Leonard, S., Henderson, E., & Mitchell, G. (2026). Effectiveness of Music Therapy for Delirium in Acute Hospital Settings: A Scoping Review. Nursing Reports, 16(1), 23. https://doi.org/10.3390/nursrep16010023
Cet revue exploratoire vise à cartographier les données scientifiques existantes sur l’utilisation de la musicothérapie et des interventions musicales dans la prévention et la prise en charge du délire chez les adultes hospitalisés en services aigus non intensifs.
Quatre bases de données (CINAHL, MEDLINE, PsycINFO, Embase) ont été interrogées.
Sept études quantitatives publiées entre 2004 et 2024 ont été incluses, principalement des essais contrôlés randomisés, portant sur un total de 569 patients adultes, majoritairement âgés. Les interventions comprenaient surtout de l’écoute musicale structurée ou personnalisée, et plus rarement de la musicothérapie menée par un musicothérapeute formé.
La synthèse narrative fait émerger trois grands thèmes :
- Réduction des symptômes liés au délire : Plusieurs études, notamment en contexte postopératoire, montrent une association entre l’écoute musicale et une diminution de la confusion aiguë, de l’agitation et de l’anxiété. La musicothérapie créative, lorsqu’elle est menée par un professionnel, semble également réduire l’agitation et les affects négatifs chez des patients âgés atteints de délire ou de démence.
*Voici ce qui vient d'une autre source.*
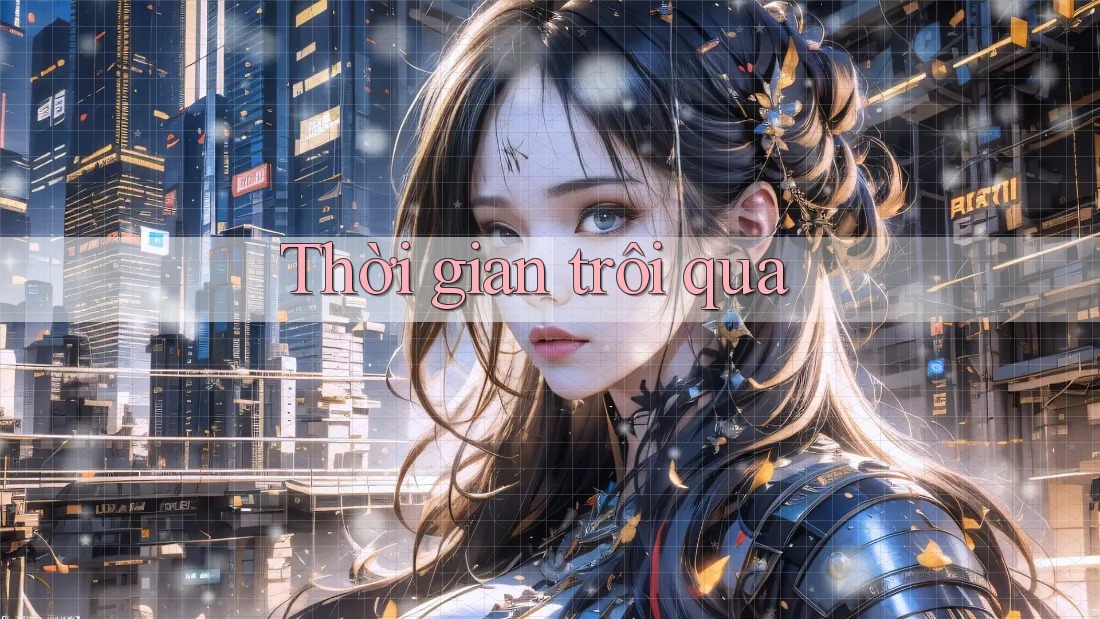 Thời Gian Trôi Qua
- Soutien à la récupération physique : Certaines interventions musicales sont associées à une diminution de la douleur, à une réduction de la consommation d’antalgiques et à une amélioration de la qualité du sommeil, des facteurs connus pour influencer le risque et l’évolution du délire. Des effets variables ont aussi été observés sur des paramètres physiologiques et sur l’engagement du patient dans les soins.
- Amélioration des dimensions psychosociales et émotionnelles : Les études rapportent une meilleure régulation émotionnelle, un apaisement, une diminution de la détresse et une amélioration des interactions entre patients et soignants. Les musiques personnalisées ou culturellement significatives favorisent le sentiment de sécurité, la coopération aux soins et parfois la réminiscence.
La revue souligne que la musique, qu’elle soit utilisée sous forme d’écoute structurée ou de musicothérapie, s’intègre bien aux approches non pharmacologiques du délire, notamment dans une perspective de soins centrés sur la personne. Les infirmiers et équipes soignantes sont bien placés pour identifier les patients susceptibles d’en bénéficier et intégrer ces interventions aux bundles de prévention du délire.
Cependant, l’hétérogénéité des études (types d’interventions, durées, outils d’évaluation) et le faible nombre de travaux limitent les conclusions sur l’efficacité réelle.
La musicothérapie et les interventions musicales apparaissent comme des approches prometteuses, sûres et acceptables pour soutenir la prise en charge du délire en milieu hospitalier aigu. Elles semblent associées à des bénéfices sur les symptômes du délire, la récupération physique et l’expérience émotionnelle des patients. Néanmoins, des études plus robustes et mieux standardisées sont nécessaires pour guider leur mise en œuvre systématique en pratique clinique.